The statement said the utility “was directed by the California Independent System Operator (CAISO) to turn off power to about 200,000 to 250,000 customers at a time in rotating power outages given the strain on the power grid during the statewide heatwave.”
“Other power utilities in the state are being directed to take similar actions. The power will be turned off in rotating blocks until about 11 p.m. Power could be out for about one hour for each block,” they added.
If there’s a “rolling blackout” in California, blame the Democrat politicians. Their 60+ years of virtual control in Sacramento should have given us a cheap, stable supply of electricity. “Severe heat wave causes rolling blackouts … across California” https://t.co/JxqzQIihnW pic.twitter.com/MSg2VJR4gH
— SaveCalifornia.com (@savecalifornia) August 15, 2020
Spokeswoman Anne Gonzales said grid managers were “shedding” about 500 megawatts of power, according to The Sacramento Bee.
The National Weather Service has issued a heat advisory through Wednesday, warning that temperatures in some non-desert parts of Southern California could hit 108 degrees.
Update: California heatwave now expected to be much more intense, prolonged, and dangerous than initially anticipated. (Hence, the new blog post.) This one reminds me of July 2006 in many ways… #CAwx #CAfirehttps://t.co/UHzYO7Mjhe
— Daniel Swain (@Weather_West) August 14, 2020
The emergency action was the largest power interruption since last October, when PG&E instituted blackouts due to high winds and fears that downed lines could spark fires, The Sacramento Bee reported.
“We’ve been preparing for this for two days,” Gonzales said. “We’re 10 to 20 degrees above normal.
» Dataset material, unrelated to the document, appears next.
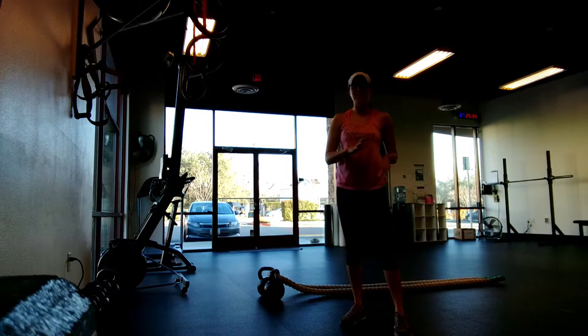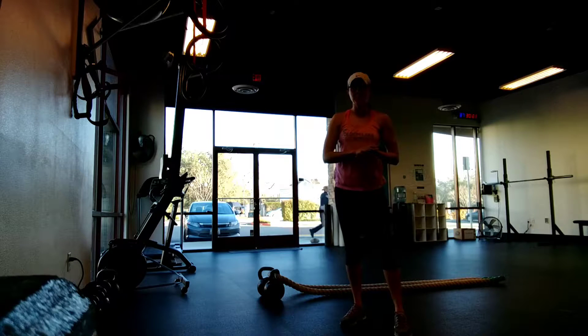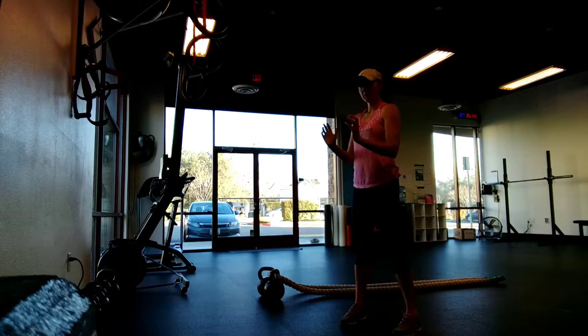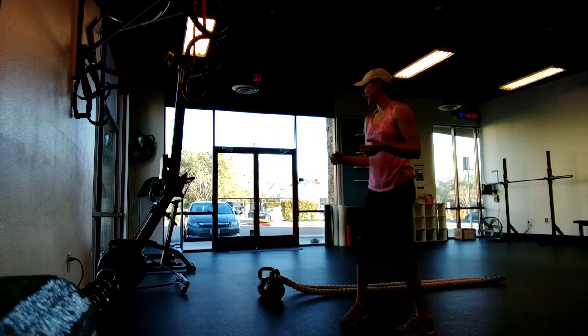Hey guys, Mindy McFaul here. Today we're going to work on stagecoach rope slams. The only difference with the rope slams today is just going to be our grip. So instead of having the ropes in a neutral position, we're going to be having our hands up, almost kind of like we're riding the reins on the stagecoach, hence the name. So it looks like this.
This is all heat driven.”
It was 105 degrees in Sacramento on Friday evening.
Officials were asking the public to conserve.
All Californians can help prevent further emergency measures by conserving power in their homes while their is high demand on shared our energy supply. #FlexAlert
— Cal OES (@Cal_OES) August 15, 2020
During a 2006 heatwave, Los Angeles County recorded its all-time highest temperature: 119 degrees on July 22, according to the Los Angeles Times.
Last July, it also was recorded that “coroners in Los Angeles, San Bernardino and Kern counties connected about 130 deaths to the heat, with diagnoses including hyperthermia and heatstroke.”
Between 350 and 450 people in Los Angeles, San Bernardino and Kern counties died from causes connected to the heat during that time.